For the past 59 years, the Pa Sports Hall of Fame has honored and inducted over 745 incredible men and women who have made a lasting impact in Pennsylvania through extraordinary athletic achievement and contributions. Whether these activities have been achieved on or off the field, we honor them. And through our future virtual museum we will educate and celebrate their achievements for years to come.
DeBenneville "Bert" Bell
Bell played football at the University of Pennsylvania, where as Quarterback, he led his team to an appearance in the 1917 Rose Bowl. After being drafted into the U S Army during World War II, he returned to complete his collegiate career at Penn and remained on to become an assistant coach with the Quakers in the 1920s. During the Depression, he was an assistant coach for the Temple Owls and was a co-founder and co-owner of the Philadelphia Eagles. He led the way in the establishment of the NFL Draft and became
sole proprietor of the Eagles. He eventually sold the club and bought a share of the Pittsburgh Steelers.
After the war, he was elected NFL Commissioner. He implemented a pro-active gambling policy, negotiated a merger with the AAFC and crafted the entire league schedule to enhance the dramatic
effect of late season matches, enforced a rule to black out local TV broadcast to safeguard ticket receipts and unilaterally recognized the NFLPA (National Football League Players Association). Bert Bell was elected to the National Football League Hall of Fame In the 1963 Charter Class.

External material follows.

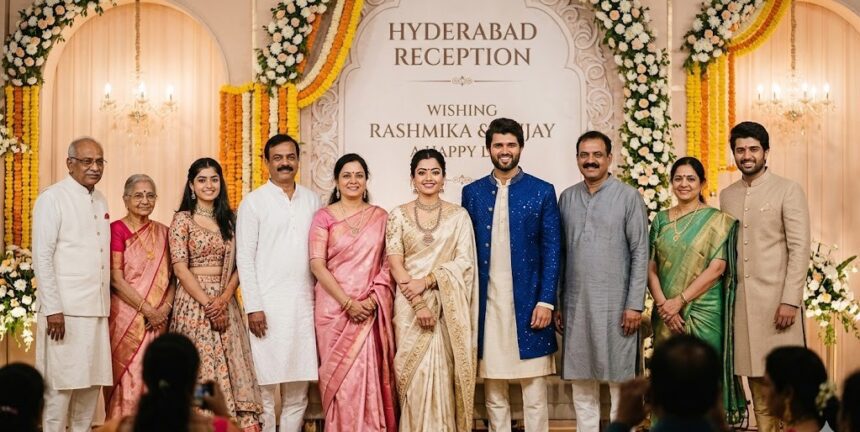 Rashmika Mandanna and Vijay Deverakonda Pose With Families at Hyderabad Reception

Roy Campanella a native of Philadelphia played in the Negro Leagues and the Mexican League for nine years before entering the minor leagues in 1946. He made his Major League Baseball debut in 1948 with the Brooklyn Dodgers, for whom he played until 1957. He retired in 1958 after being paralyzed in an automobile accident in January, 1958. Campy was widely considered one of the greatest catchers in the history of the game. For his career he batted ,276, with 242 home runs and 856 RBIs. He was inducted into the Baseball hall of Fame in 1969.

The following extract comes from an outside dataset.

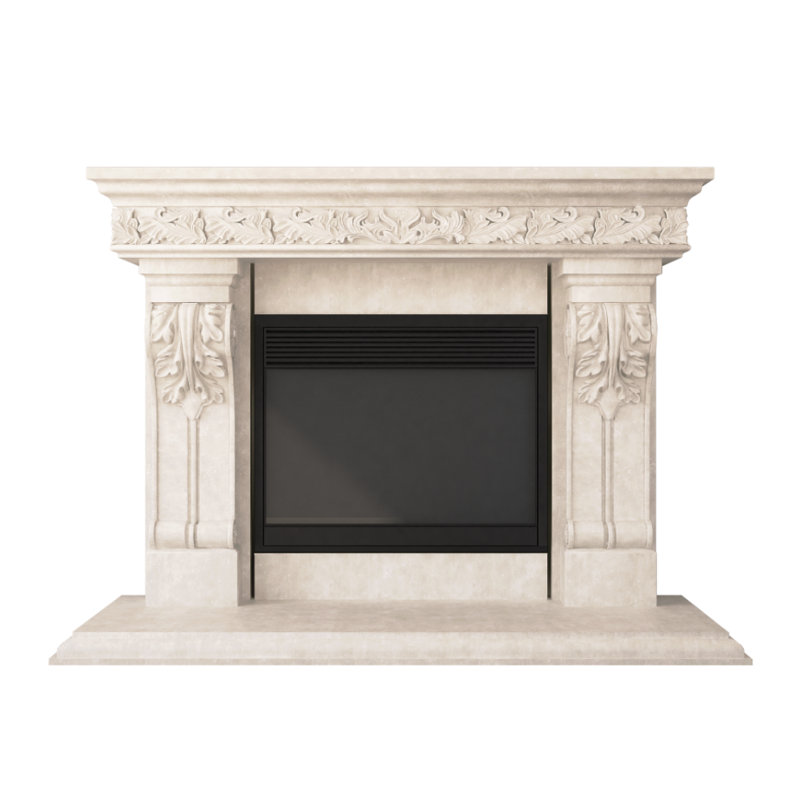 Cadre de cheminée Bonaparte, Travertin / beige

Charles Robinson "Chick" Davies
Chick Davies served as the head men’s basketball coach at Duquesne University from 1924 -1948, compiling a record of 314 – 106. His teams played in one NCAA Tournament and three National Invitation Tournament. He led Duquesne to the 1940 NCAA Final Four as well as the 1940 NIT championship game, where the Dukes lost to Colorado.
James Joseph "Jimmy" Dykes
Jimmy Dykes played in Major League Baseball as a third and second baseman from 1918 through 1939. Most notably as a member of the Philadelphia Athletics dynasty that won three consecutive American League pennants from 1929 to 1931 and won the World Series in 1929 and 1930.
Jimmy started his major league career in 1918 and served in the wartime Army before reporting back to baseball in 2019. He remained with the Athletics for the next fourteen seasons. He was a league leader in home runs in 1921 and 1922 and batted .312, .323, .324 in 1924, 1925, 1927. He was named team MVP in 1924.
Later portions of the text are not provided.